For tenants, the can benefit from cheaper monthly payments that some HMOs offer. Other tenants who also prefer living with more people get the opportunity to do so in HMOs. In other cases, house-shares are the best options for younger renters and students. However the market for HMOs and as people rent longer, more landlords view them as viable options.
If you are a landlord and you are considering converting your property to an HMO, you need to take several steps for your endeavour to be successful. There are many HMO rules you need to follow. Chief among the things you have to overcome include meeting the legal requirements in as far as making your property conducive habitat for people.
Before You Start
You might need an HMO licence. If you will be letting to 5 or more different tenants from more than one household, your property is at least 3 storey high and the tenants share some amenities such as the bathroom, toilet, and kitchen, you have to get a licence.
It is important to note that you have to get a licence, even only some of the criteria apply to your case. Moreover, it is prudent for property owners to check with their local council about the licensing requirements. In most cases, the HMO licence last for 5 years. You also need to obtain a licence for each HMO you are running.
Aside from the initial licence, you will also need to have a valid gas safety certificate every year. Moreover, it should be sent to your council every year as well. Furthermore, you need to install smoke alarms. You should also ensure that you have safety certificates for electrical appliances for inspection when requested.
Beyond that, you might also need to obtain planning permission should you need to make major extensive changes to the property during the conversion step. And when carrying out such conversion, make sure you record and store applications, correspondence, and approvals for future reference.
How Practical is Converting a Property?
The first thing to do is to consider how much space your tenants are going to need. Thereafter, you need to consider the variety of furniture and appliances to provide your tenants with.
Another thing to have in mind is that within 5 years of converting your property to an HMO, your local council will visit it and conduct Safety Rating System and Housing Health risk assessments. Should unacceptable risk be noted, you will have to address them.
During the conversion process, it highly likely you will have to convert some rooms to other purposes and uses. For instance, you might convert the spare rooms to a bathroom or convert the reception to additional bedrooms. During the conversion process, you might have to move rooms to create the desired rooms.
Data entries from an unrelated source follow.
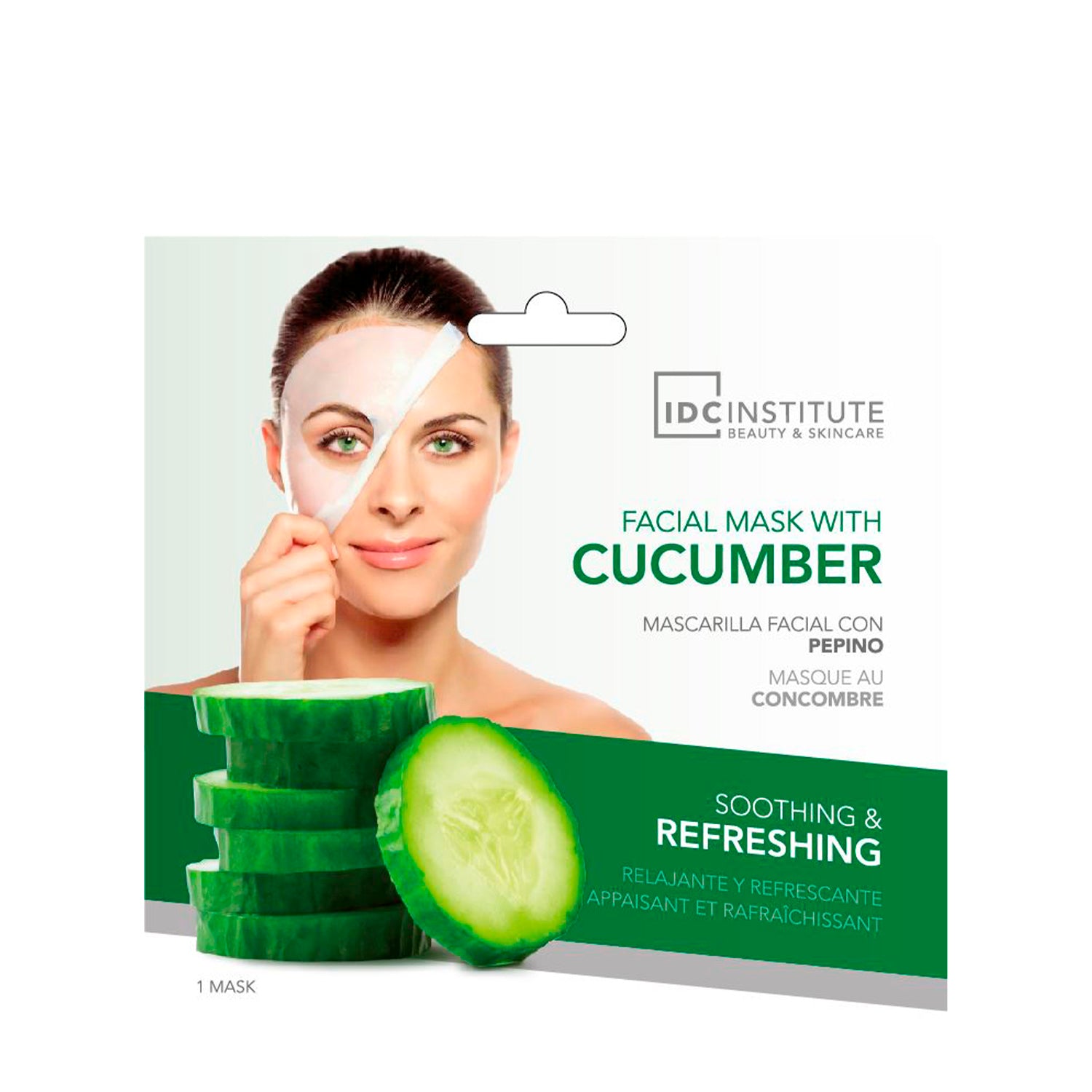 IDC - MASCHERA VISO IN CARTA BIODEGRADABILE AL CETRIOLO - Effetto rilassante e rinfrescante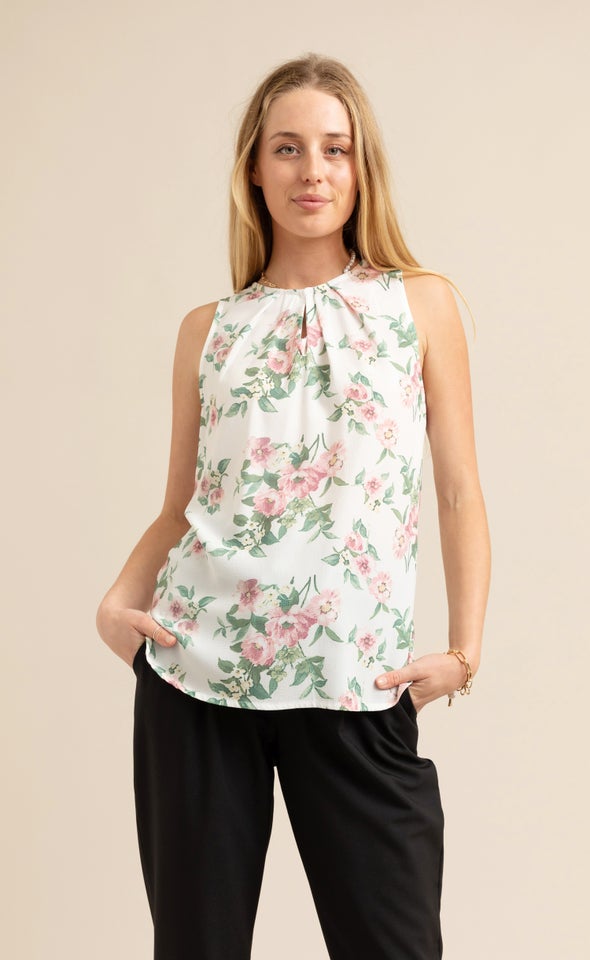 Jersey Back Pleat Top Cream Floral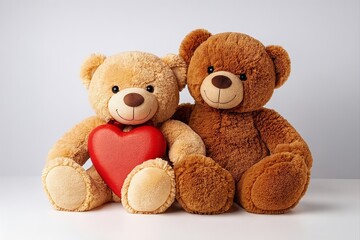 Obraz premium Two adorable teddy bears with a red heart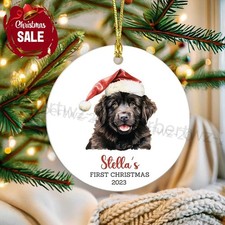 Personalized Newfoundland Dog Ornament, Dog's First Christmas Ornament, Newfo...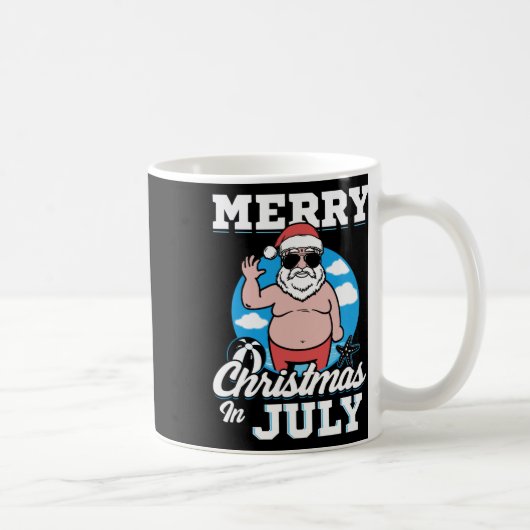 Prettig kerstfeest in juli grappige kerstman  koffiemok (Rechts)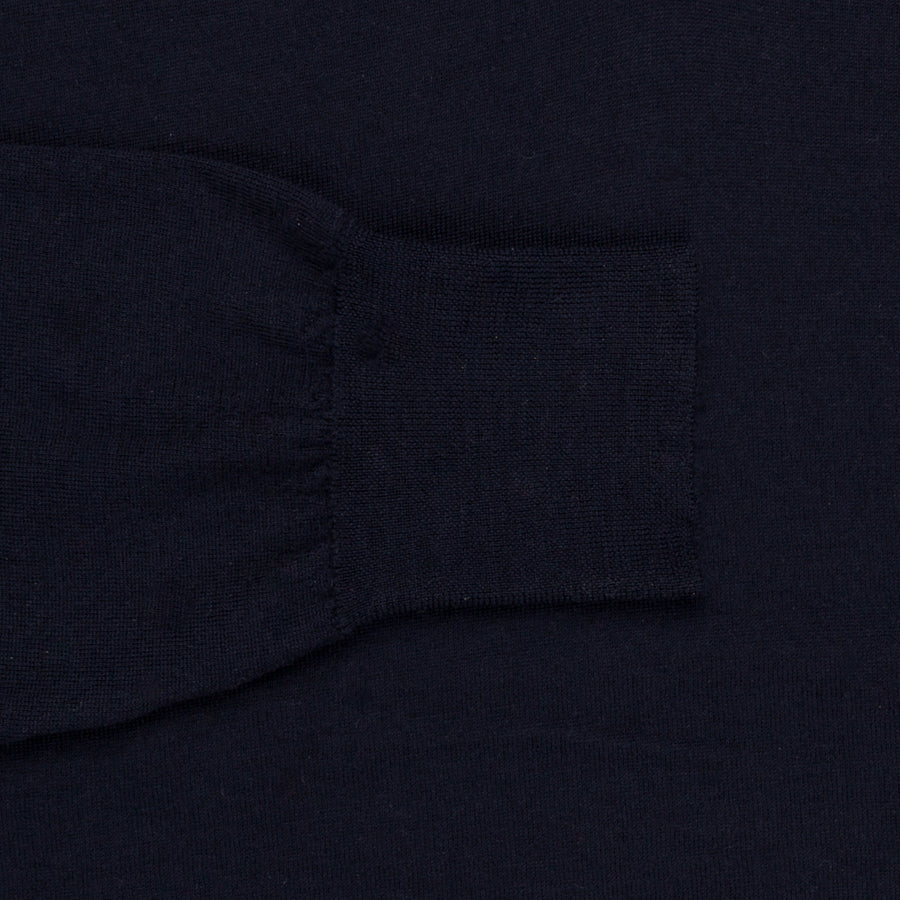 William Lockie x Frans Boone 30 gauge Loro Piana Merino's V-Neck Dark Navy
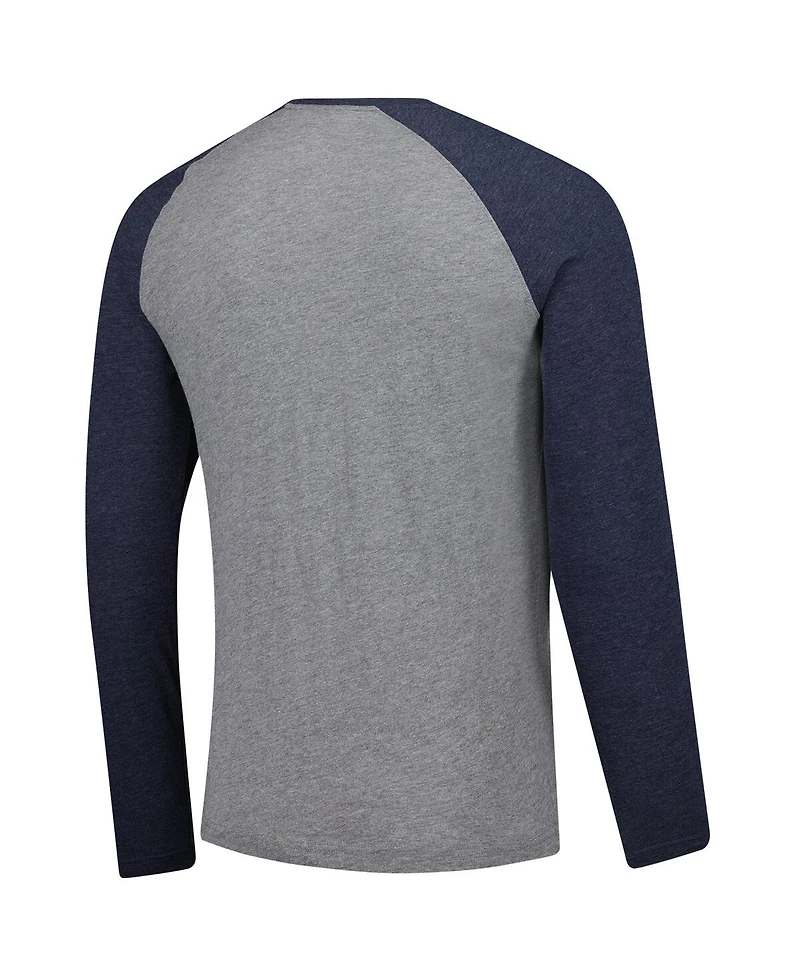 Fanatics Men's Heather Gray/Heather Navy New York Yankees Weathered Logo Tri-Blend Raglan Long Sleeve T-Shirt
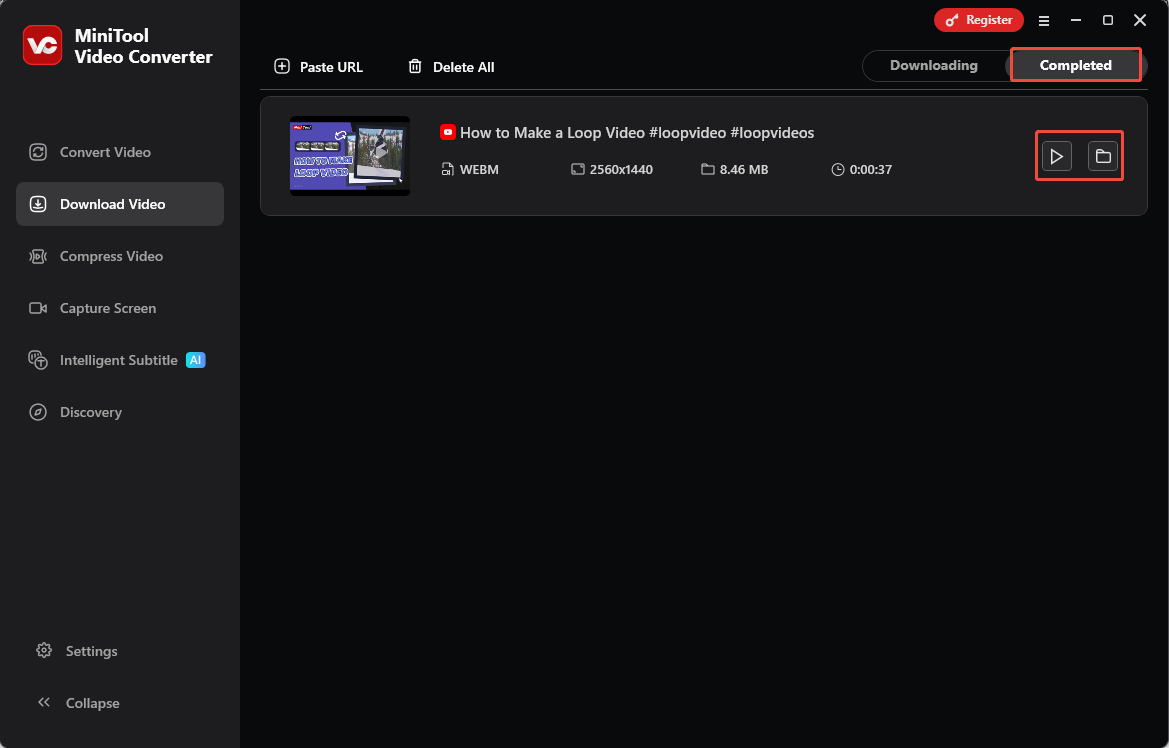 MiniTool Video Converter Download Video interface with the Play icon and Folder icon selected under the Completed section.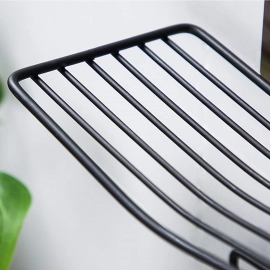 Iron Black Coated Self Adhesive Wall Mounted Tissue | Toilet Paper Holder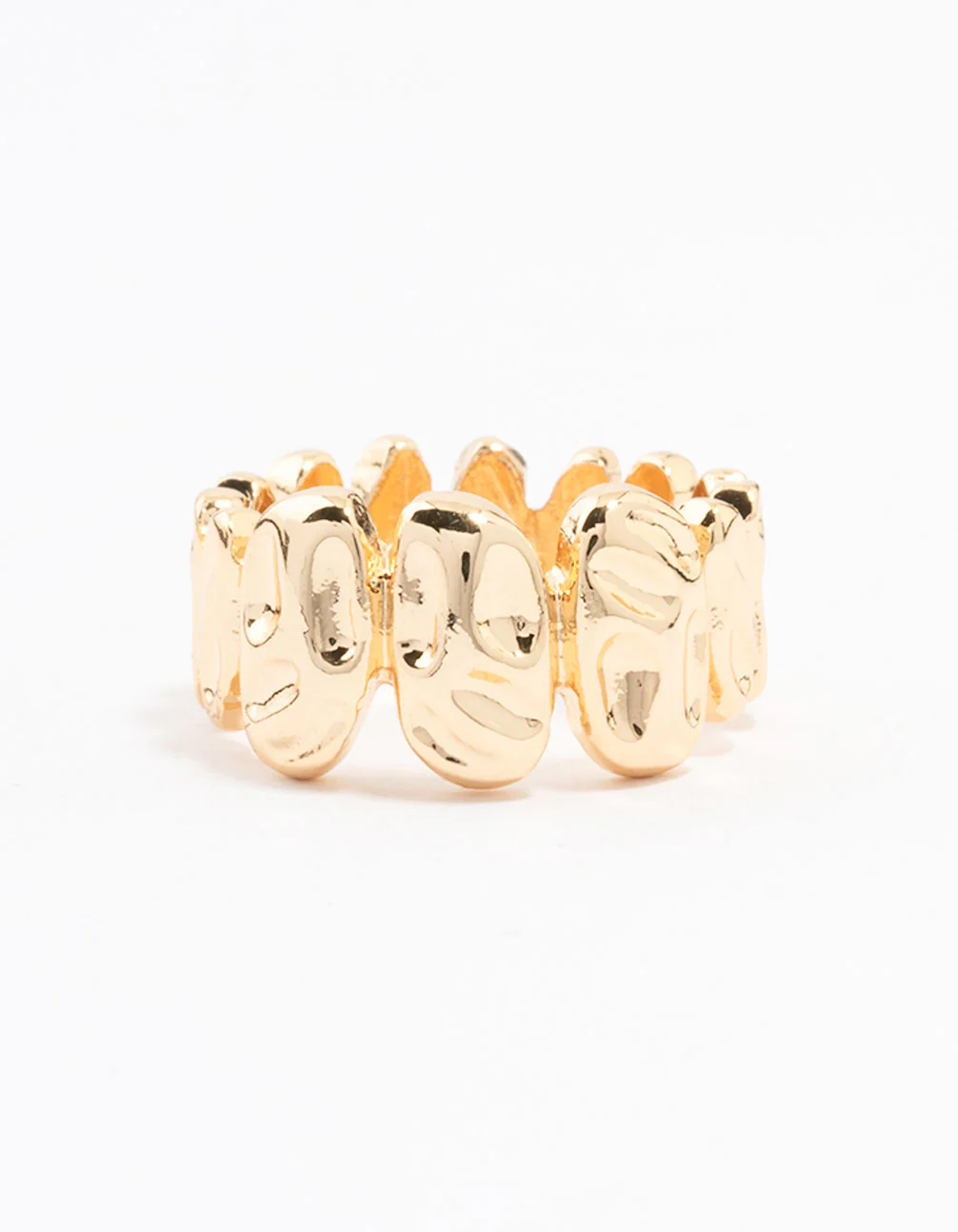 Gold Plated Molten Stone Band Ring - Image 3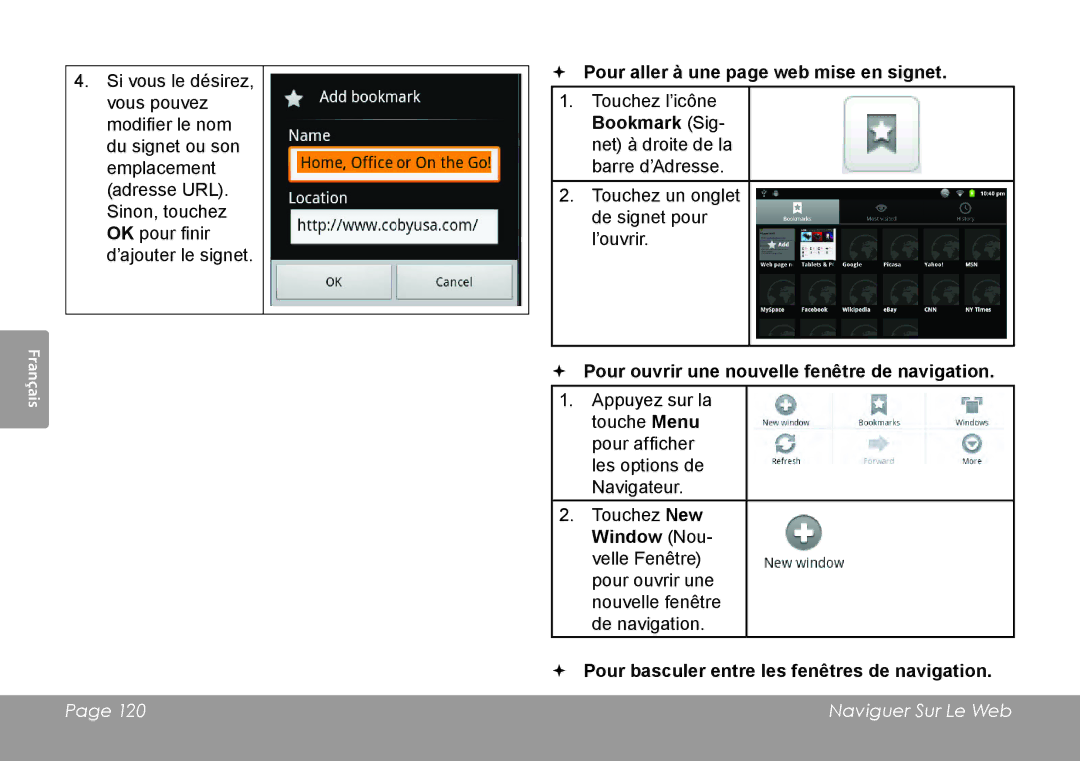 COBY electronic MID8120, MID7120 quick start  Pour aller à une page web mise en signet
These are the things you have to plan very carefully. Importantly, you want to hire experienced professionals to handle the technical bits of the project. Where you need planning permissions, you should obtain the permissions. For instance, converting the garage to a spare room requires one to have planning permissions.
While converting reception space for additional rooms is common, it is not always the right decision. However, should you have 2 reception rooms, you can convert one of them and leave the other to be the living space and dining area. Keep in mind tenants typically shy away from HMOs with no reception space or living room.
Other Considerations to Have in Mind
Unlike traditional rental properties, having HMO might come with a higher turnover. It is advisable, therefore, to put aside at least 2 months’ rent every year to cover the period you have empty space.
While converting your rental property to an HMO might be an effective way of running your portfolio, you need more planning, and it comes with more upkeep work.